LUX, 2 salles, 2 ambiances pour les Industries culturelles et créatives, avec Nathalie MIEL du Damier

Nathalie Miel est directrice du Damier, le cluster des Industries Culturelles et créatives. Le Damier organisait les 23 et 24 novembre “LUX, Le nouveau salon professionnel qui met en lumière la Galaxie des Industries Culturelles et Créatives” à Clermont-Ferrand. Retour avec elle sur les intentions et le bilan, à chaud, de cette première édition.

Le cluster le Damier vient de clôturer la première édition de LUX, le salon des Industries culturelles et créatives. Pour les néophytes, est ce que tu peux rappeler ce qu’est le Damier et ce que recouvre le terme ICC ?

Un cluster, ou grappe d’entreprises en français, est un réseau d’entreprises représentatif d’une filière, qui a vocation à mettre en valeur ses adhérents et leurs activités, et à accompagner la filière dans son développement.

En l’occurrence, Le DAMIER est le cluster des Industries Culturelles et Créatives. Par ce terme, on désigne un champ assez large qui recouvre toutes les structures qui placent la créativité au cœur de leur activité. Aussi bien le spectacle vivant que l’audiovisuel, le cinéma, les studios créatifs, les arts visuels, le livre, la musique avec les labels, le booking, l’architecture, les médias, l’événementiel… 

Le DAMIER exerce des missions “classiques” de cluster. Il fédère les acteurs, met en valeur les compétences de la filière, favorise les collaborations… Ces dernières années ont été marquées par le développement conséquent du DAMIER qui se matérialise par de nouvelles missions comme l’accompagnement à la création d’entreprises dans le champ culturel et créatif, via l’incubateur HUB-IC par exemple (voir article et vidéo lors du lancement en 2020). Mais aussi, par la création de nouveaux dispositifs à destination des professionnels du secteur, notamment autour du sujet de l’accompagnement des transitions, avec par exemple la cocréation avec Les Shifters de la Fresque de la Culture ou l’accompagnement collectif de démarches RSE. 

Et, enfin, c’est le sujet aujourd’hui, il organise des salons professionnels comme le MIMA ou LUX. 

Que représente le secteur culturel et créatif sur un plan économique ?

Le Massif central compte 13 200 établissements culturels, ce qui représente 3 % de son tissu économique. 15 % des emplois relevant des activités du secteur culturel à l’échelle du Massif central se concentrent dans la métropole clermontoise.
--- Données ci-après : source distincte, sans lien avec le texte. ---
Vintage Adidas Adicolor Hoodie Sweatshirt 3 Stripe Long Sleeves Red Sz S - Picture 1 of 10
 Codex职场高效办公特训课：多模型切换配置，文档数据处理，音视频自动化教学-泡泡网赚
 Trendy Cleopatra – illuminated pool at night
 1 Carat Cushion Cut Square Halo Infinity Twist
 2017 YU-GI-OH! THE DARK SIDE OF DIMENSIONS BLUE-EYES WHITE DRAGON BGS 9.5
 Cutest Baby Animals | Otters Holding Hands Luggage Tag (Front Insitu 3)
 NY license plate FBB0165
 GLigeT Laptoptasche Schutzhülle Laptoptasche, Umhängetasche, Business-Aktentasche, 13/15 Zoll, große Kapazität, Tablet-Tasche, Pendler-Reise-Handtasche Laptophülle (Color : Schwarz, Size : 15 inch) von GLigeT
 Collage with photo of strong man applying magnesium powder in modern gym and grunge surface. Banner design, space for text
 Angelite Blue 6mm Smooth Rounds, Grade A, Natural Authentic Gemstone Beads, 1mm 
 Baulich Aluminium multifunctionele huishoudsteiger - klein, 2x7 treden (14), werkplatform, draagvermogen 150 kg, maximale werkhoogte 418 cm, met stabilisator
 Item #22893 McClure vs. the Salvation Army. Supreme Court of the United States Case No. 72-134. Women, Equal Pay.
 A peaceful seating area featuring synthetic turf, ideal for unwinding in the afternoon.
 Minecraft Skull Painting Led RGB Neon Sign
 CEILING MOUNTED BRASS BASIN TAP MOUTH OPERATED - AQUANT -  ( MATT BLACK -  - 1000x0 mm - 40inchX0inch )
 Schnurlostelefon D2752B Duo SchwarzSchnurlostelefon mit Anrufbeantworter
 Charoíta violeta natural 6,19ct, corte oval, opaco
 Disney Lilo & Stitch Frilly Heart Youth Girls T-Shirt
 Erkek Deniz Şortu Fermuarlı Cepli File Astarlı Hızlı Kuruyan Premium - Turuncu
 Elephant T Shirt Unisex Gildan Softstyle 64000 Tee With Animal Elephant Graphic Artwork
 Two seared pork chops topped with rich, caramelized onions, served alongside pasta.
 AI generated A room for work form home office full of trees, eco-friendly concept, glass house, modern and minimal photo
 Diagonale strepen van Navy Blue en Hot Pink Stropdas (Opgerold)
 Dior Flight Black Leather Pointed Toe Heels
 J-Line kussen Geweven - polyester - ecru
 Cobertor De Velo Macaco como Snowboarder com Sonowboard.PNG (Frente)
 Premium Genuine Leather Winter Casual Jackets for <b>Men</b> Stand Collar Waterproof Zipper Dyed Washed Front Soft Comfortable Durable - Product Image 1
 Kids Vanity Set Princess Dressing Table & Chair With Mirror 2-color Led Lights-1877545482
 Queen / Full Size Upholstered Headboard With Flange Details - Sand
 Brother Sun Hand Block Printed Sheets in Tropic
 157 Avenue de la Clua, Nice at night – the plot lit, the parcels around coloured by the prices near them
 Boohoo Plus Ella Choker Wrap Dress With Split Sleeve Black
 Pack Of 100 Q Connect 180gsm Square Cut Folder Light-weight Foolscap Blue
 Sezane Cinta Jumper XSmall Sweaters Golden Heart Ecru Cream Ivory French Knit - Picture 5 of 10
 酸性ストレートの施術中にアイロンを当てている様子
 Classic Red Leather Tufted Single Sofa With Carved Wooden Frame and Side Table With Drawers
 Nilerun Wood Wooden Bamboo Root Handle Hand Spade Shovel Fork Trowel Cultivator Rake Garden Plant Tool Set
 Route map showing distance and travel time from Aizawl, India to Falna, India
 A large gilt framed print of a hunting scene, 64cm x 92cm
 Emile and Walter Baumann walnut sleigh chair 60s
Pour ce qui est de la métropole clermontoise : la toute récente étude de l’agence d’urbanisme fait état d’un chiffre d’affaires de 620 millions d’euros à l’échelle de la métropole de Clermont, pour un total de 6000 salariés. Cela représente tout de même 2600 établissements, soit 7% des entreprises du territoire métropolitain.

Le secteur se porte bien, il est en développement, avec une dynamique de création très importante, même si beaucoup sont de très petites entreprises, avec une prédominance du spectacle vivant. Cela correspond aussi à une appétence pour les pratiques culturelles dans notre département, largement au-dessus de la moyenne nationale.

Un mot sur Clermont 2028 ? nous aurons bientôt le verdict, si c’est positif, ça ouvre des perspectives non ?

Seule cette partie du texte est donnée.